Bristol-Myers is seeding a new crop of biotech spinouts, buyout options included

Bristol-Myers Squibb ($BMY) has formed a new joint venture with Boston-based Allied Minds that will hunt the groves of academia in an enterprising approach to launching new biotechs and bagging new drug candidates.

Allied-Bristol Life Sciences plans to set up a matchmaking effort with academic researchers, opening up the innovative biotech's research facilities and providing some financial and management guidance to move new drug discoveries into preclinical studies. ABLS will then spin out new biotechs that Bristol-Myers will have an option to buy.
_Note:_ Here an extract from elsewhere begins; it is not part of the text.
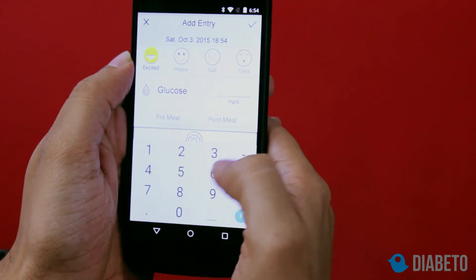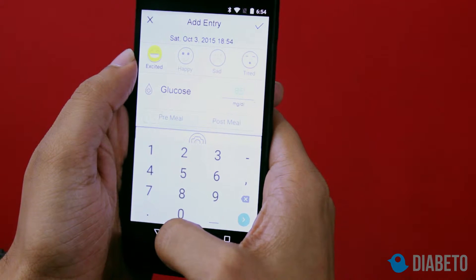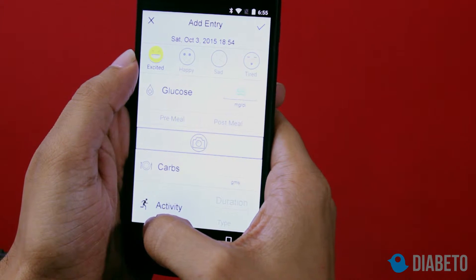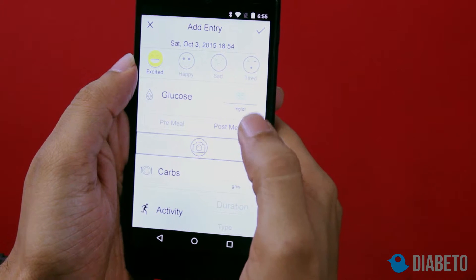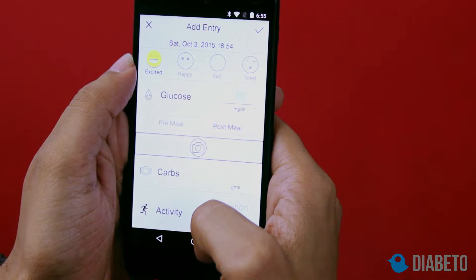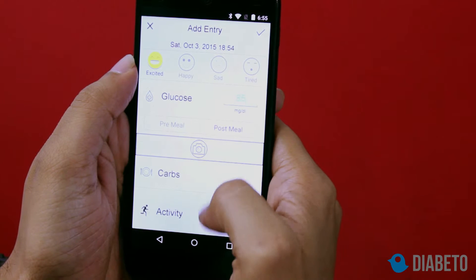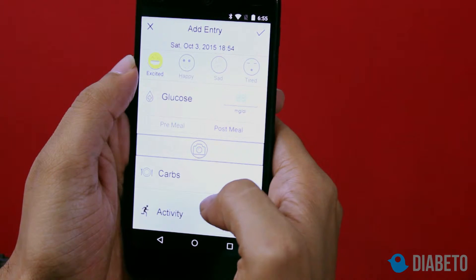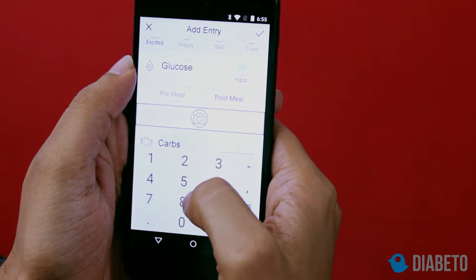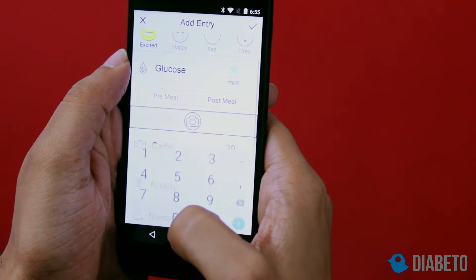I'm feeling excited — my blood glucose was very nice. It was 85 mg/dL. I had actually eaten a small snack, so I'll click on post meal. I can also take a picture of the food I've eaten. The carbs — it was a small snack, about 20 grams.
The arrangement offers a new twist to a big theme in biotech. A number of venture capital organizations, including Versant and Atlas, have teamed up with the likes of Roche ($RHHBY) in setting up portfolios of new companies that can do the early-stage work necessary to demonstrate a drug's potential in the clinic. Scripps, meanwhile, recently launched a new effort to spin out biotechs based on work by its own researchers. And Big Pharma in general has been quick to link up with universities around the world in recent years, looking to get a front-row seat on the most innovative discovery work.
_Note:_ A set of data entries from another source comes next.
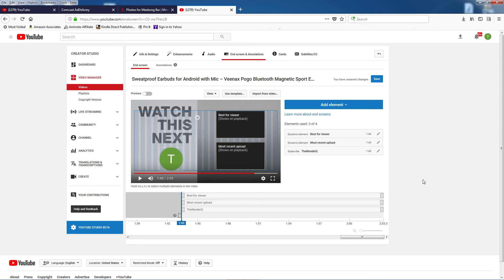This is a huge time saver if you have end screens on your other videos. And now that I know that I can use setups for my other videos, I can just do it really quick at the end of each video when I upload it.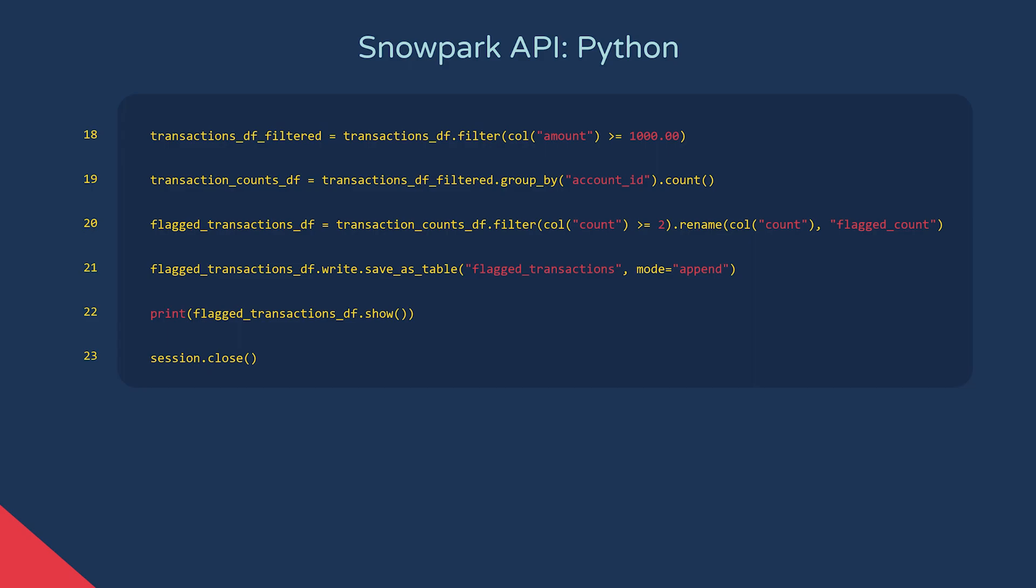Many of the operations from SQL have their own programming constructs. For example, here we have a group by and count. We can group by our account holders and count how many transactions they have over one thousand.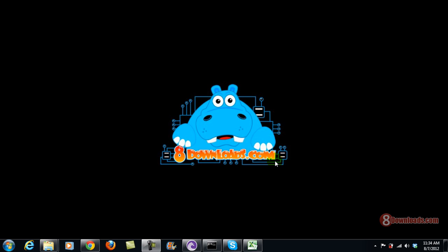Good day and welcome again to another 8downloads.com software preview. This is Chris and today we are going to discuss a free software called Cdex. If you're looking for software that can rip your CDs for free,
These new efforts are being driven in part by some severe limits on the grant money available from the NIH. With federal dollars in short supply, academics are being spurred to work more closely with drug developers with an eye to new product development.

Bristol-Myers' partner, Allied Minds, has a broad interest in technology, boasting ties with 33 universities and 32 federal research centers. In an odd turn, the company went public a few weeks ago with a listing on the London Stock Exchange. Its companies include the cleantech firm SiEnergy Systems and the wireless company Federated Wireless, which just raised a $5 million A round.

Bristol-Myers, meanwhile, has established one of the most innovative reputations in the industry. It's been rewarded with a string of pioneering approvals and is currently widely considered a leader in immuno-oncology with a key, late-stage program underway for nivolumab.

Carl Decicco

"Allied-Bristol Life Sciences LLC brings together cutting-edge ideas, biopharma experience and drug discovery expertise focused on maximizing the potential of new scientific approaches to addressing serious disease," said Carl Decicco, BMS senior vice president and head of discovery, in a statement. "We believe this new venture will enhance the translation of early-stage academic research and will ultimately help advance important potential new medicines more efficiently."